* Data extract
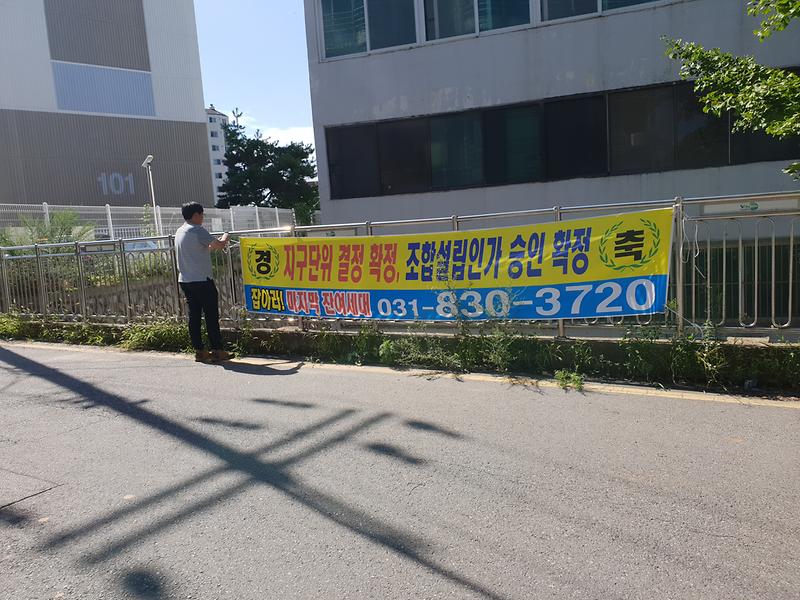 강화읍_불법현수막_정비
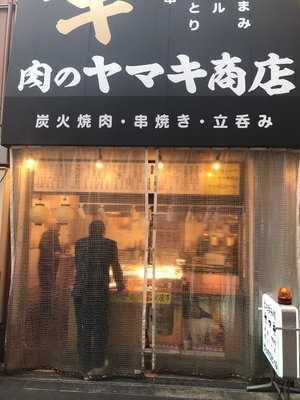 肉のヤマキ商店 十三店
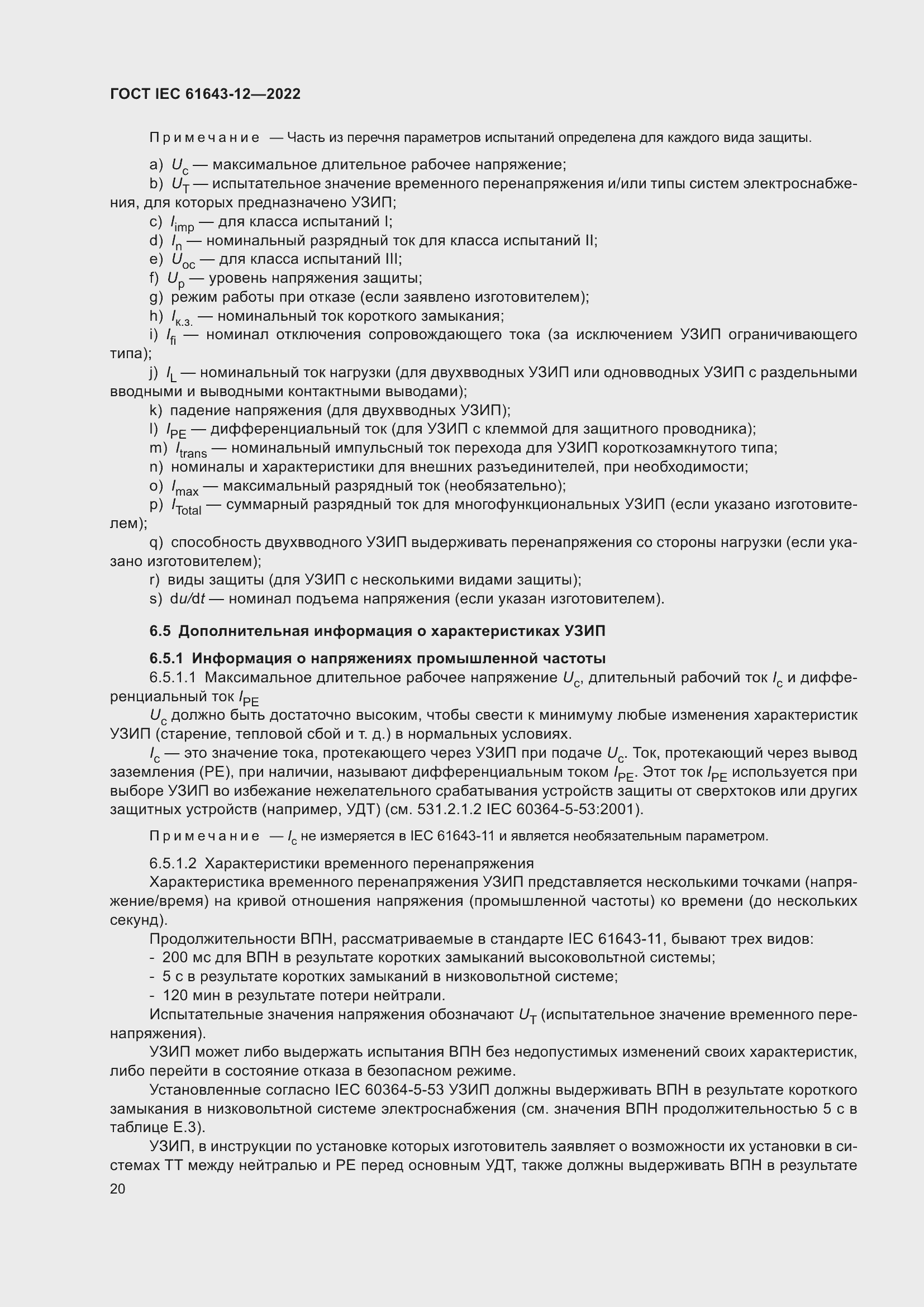 Страница 26 ГОСТ IEC 61643-12-2022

* Exercise goal
Print every line above exactly. Leave the pictures out.

* Output for this task
 강화읍_불법현수막_정비
 肉のヤマキ商店 十三店
 Страница 26 ГОСТ IEC 61643-12-2022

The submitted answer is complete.